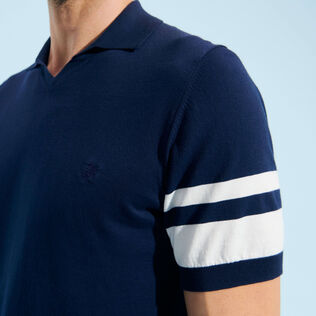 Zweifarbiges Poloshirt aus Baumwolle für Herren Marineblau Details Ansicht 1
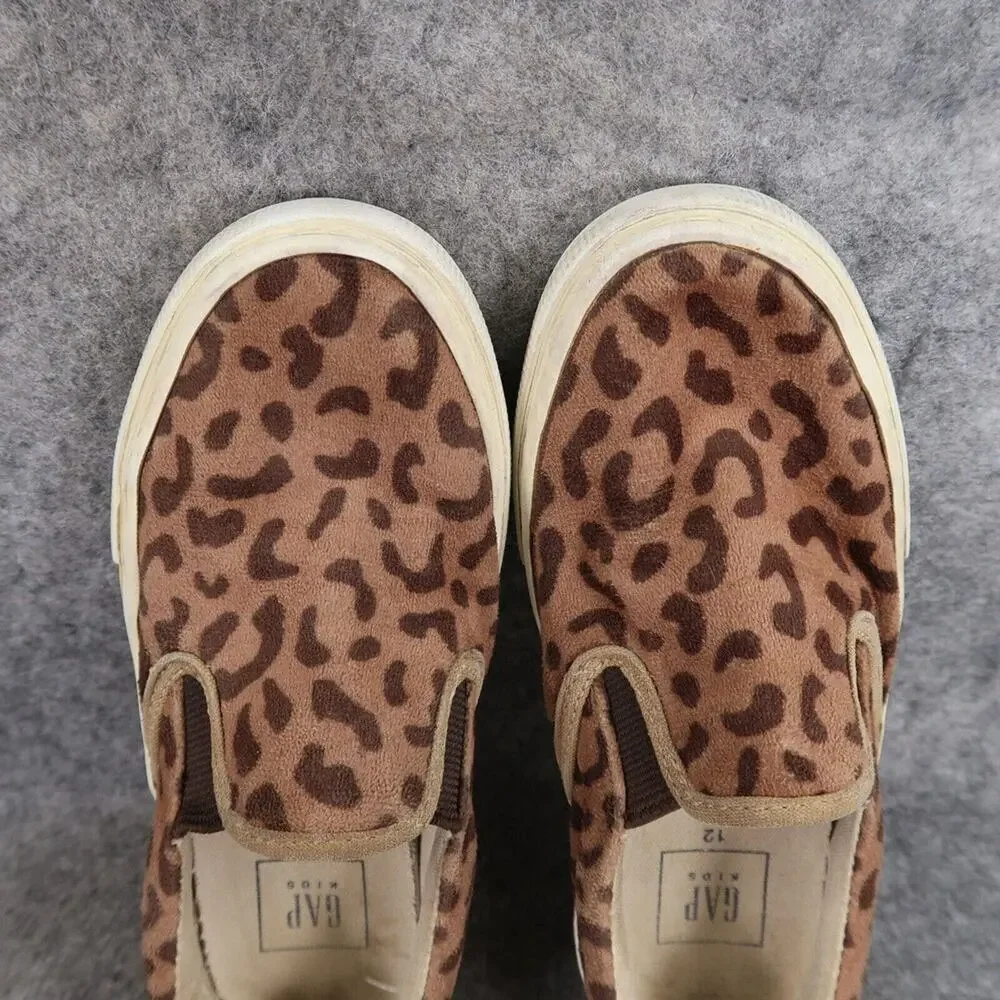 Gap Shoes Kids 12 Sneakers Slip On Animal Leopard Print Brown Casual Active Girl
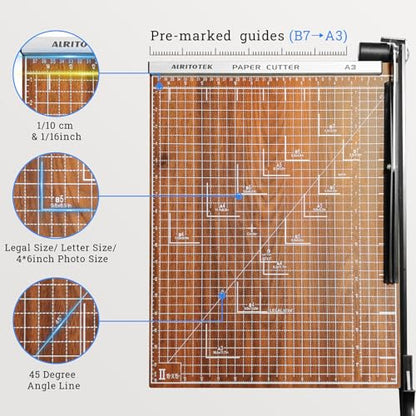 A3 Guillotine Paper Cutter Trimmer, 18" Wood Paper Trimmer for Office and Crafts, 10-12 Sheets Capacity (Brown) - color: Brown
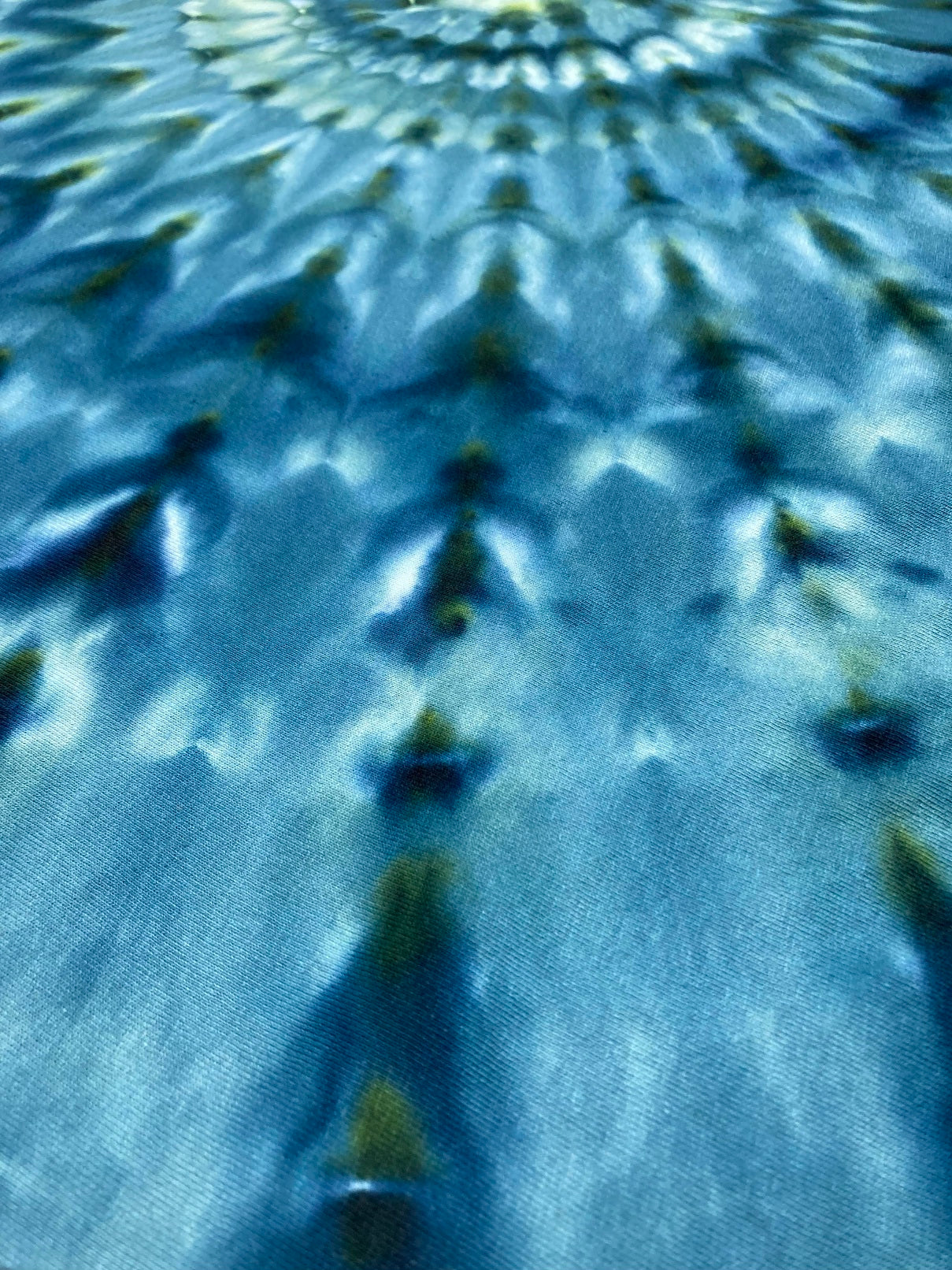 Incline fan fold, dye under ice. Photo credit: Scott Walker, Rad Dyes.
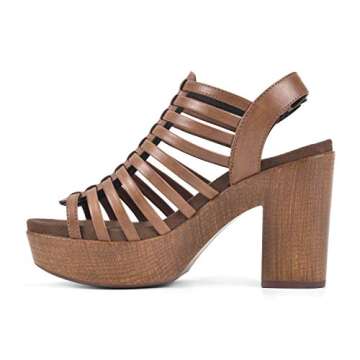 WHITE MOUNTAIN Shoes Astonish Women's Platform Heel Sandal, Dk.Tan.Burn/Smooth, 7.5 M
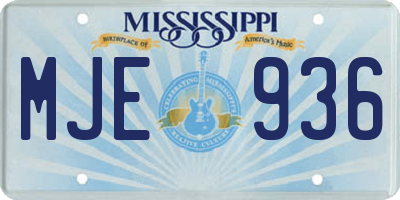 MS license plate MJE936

* * *

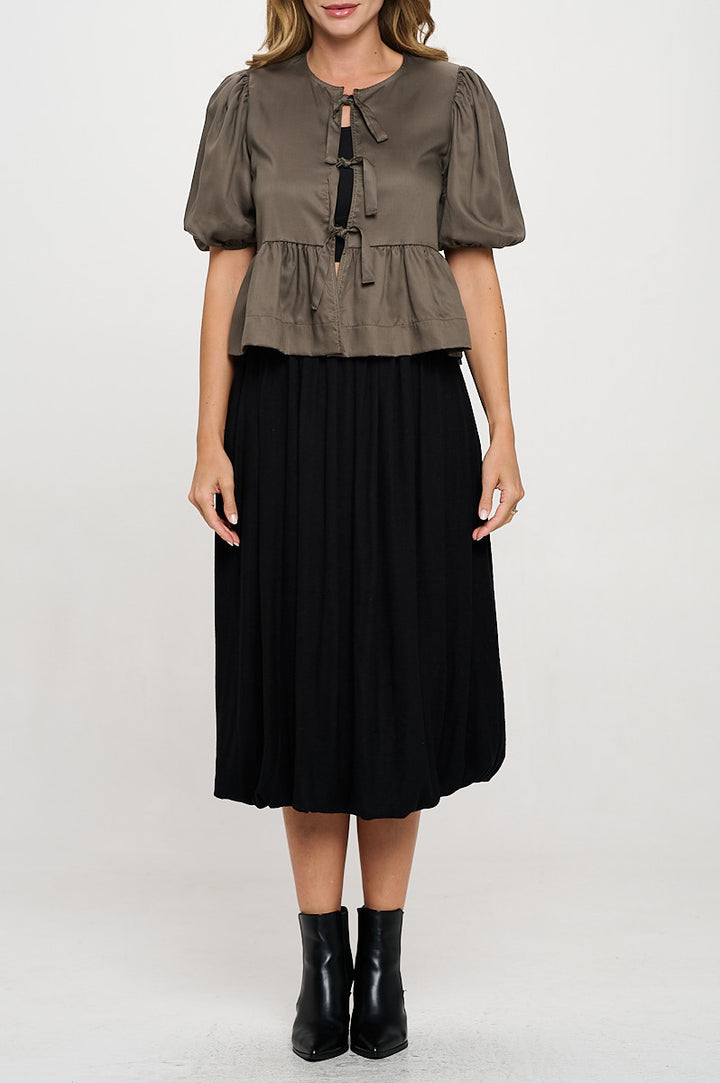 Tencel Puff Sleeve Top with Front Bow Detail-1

*What the task asks*.
Give the lines above again exactly, from the one containing "WHITE MOUNTAIN Shoes" to the one containing "MS license plate MJE936", both included, but leave out the pictures.

*Task output*.
 WHITE MOUNTAIN Shoes Astonish Women's Platform Heel Sandal, Dk.Tan.Burn/Smooth, 7.5 M
 MS license plate MJE936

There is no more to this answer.